Channel, which works with both potential and returned jihadists, has made what the Home Secretary, Theresa May, calls “a very significant contribution to our national security.” There are around 40 Channel workers, most of whom are British Muslims. They typically meet their clients one-on-one, trying to build up trust, address the arguments for violence and radicalism that they make – sometimes theologically, sometimes not – and steer them towards non-violent approaches.

There are what one person involved described as “differences of emphasis” between the Home Office and the police over the programme. “There is a tendency for us [Britain] to prefer the criminalisation approach,” said the source. “The problem is that an arrest quite often doesn’t lead to significant or any criminal action and yet it can substantially set back the deradicalisation process.” Sometimes, too, disputes between police and Channel allow vulnerable individuals to slip through the cracks. This is what happened with Aseel Muthana, one of the Cardiff jihadists.

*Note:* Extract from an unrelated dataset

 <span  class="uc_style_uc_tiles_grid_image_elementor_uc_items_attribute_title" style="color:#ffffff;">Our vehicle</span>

Other European countries, including Holland and Denmark, go further than Britain in following a “reintegration” process for their returned jihadists. Both Richard Barrett, former MI6 head of counterterrorism and Sir Richard Dearlove, the service’s chief, have warned that harsh treatment of returnees could cause further radicalisation.

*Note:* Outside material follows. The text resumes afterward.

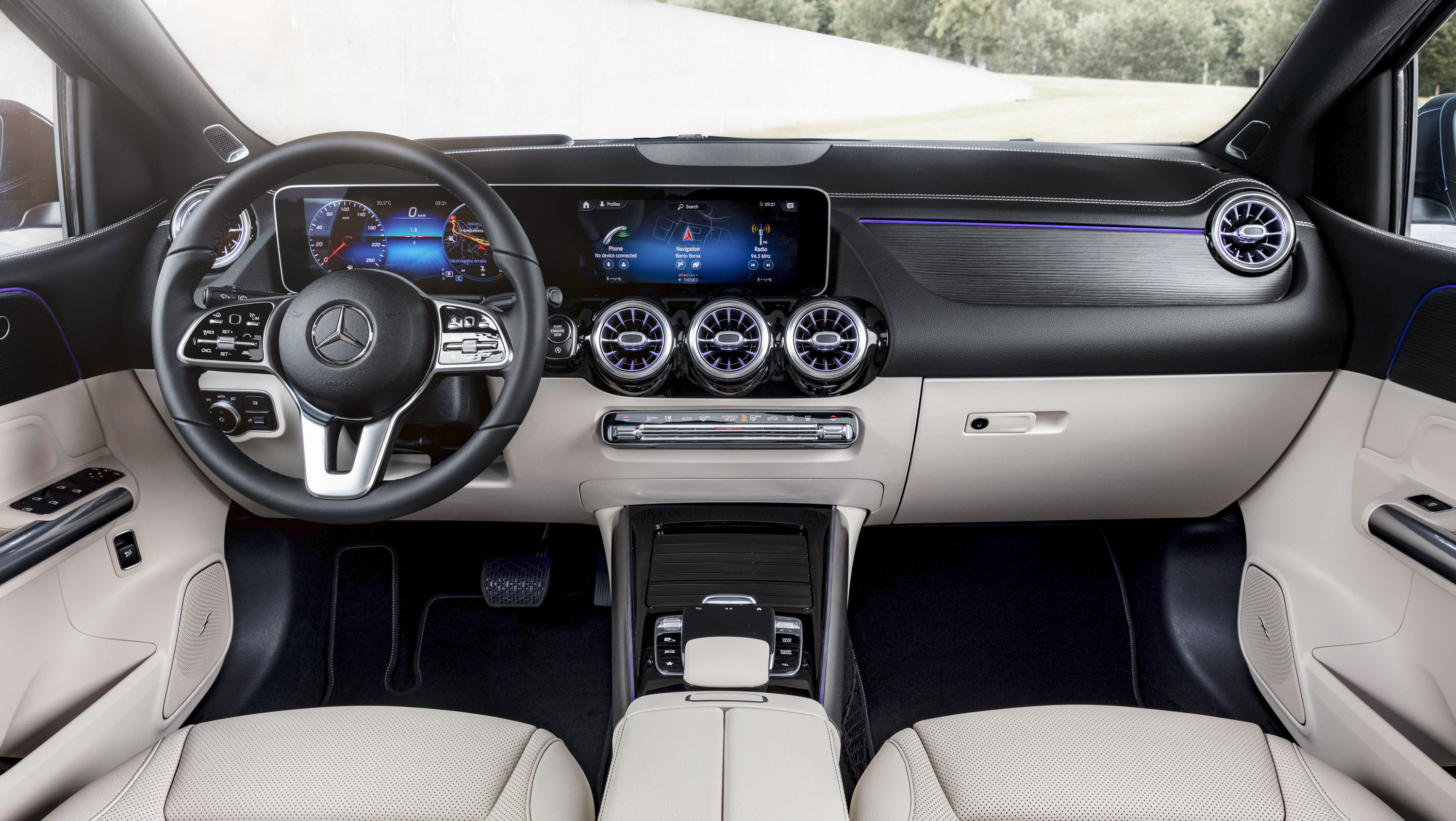 2019 Mercedes-Benz B-Class Interior Cockpit Wallpapers #28 of 54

Whichever approach is pursued, and whether or not Isil develops into a serious threat to the West, it seems clear that this is a battle of ideas. More than ever in a social media world, you cannot lock up an idea in Belmarsh or turn it back at Heathrow. The only way to defeat a bad idea is with a better idea. David Cameron’s Government has creditably reversed some past tolerance of bad ideas. But on the very biggest canvas, what the Middle East should look like and what role Britain should play in defeating terror and tyranny, Mr Cameron still gives a convincing impression of not having any ideas at all.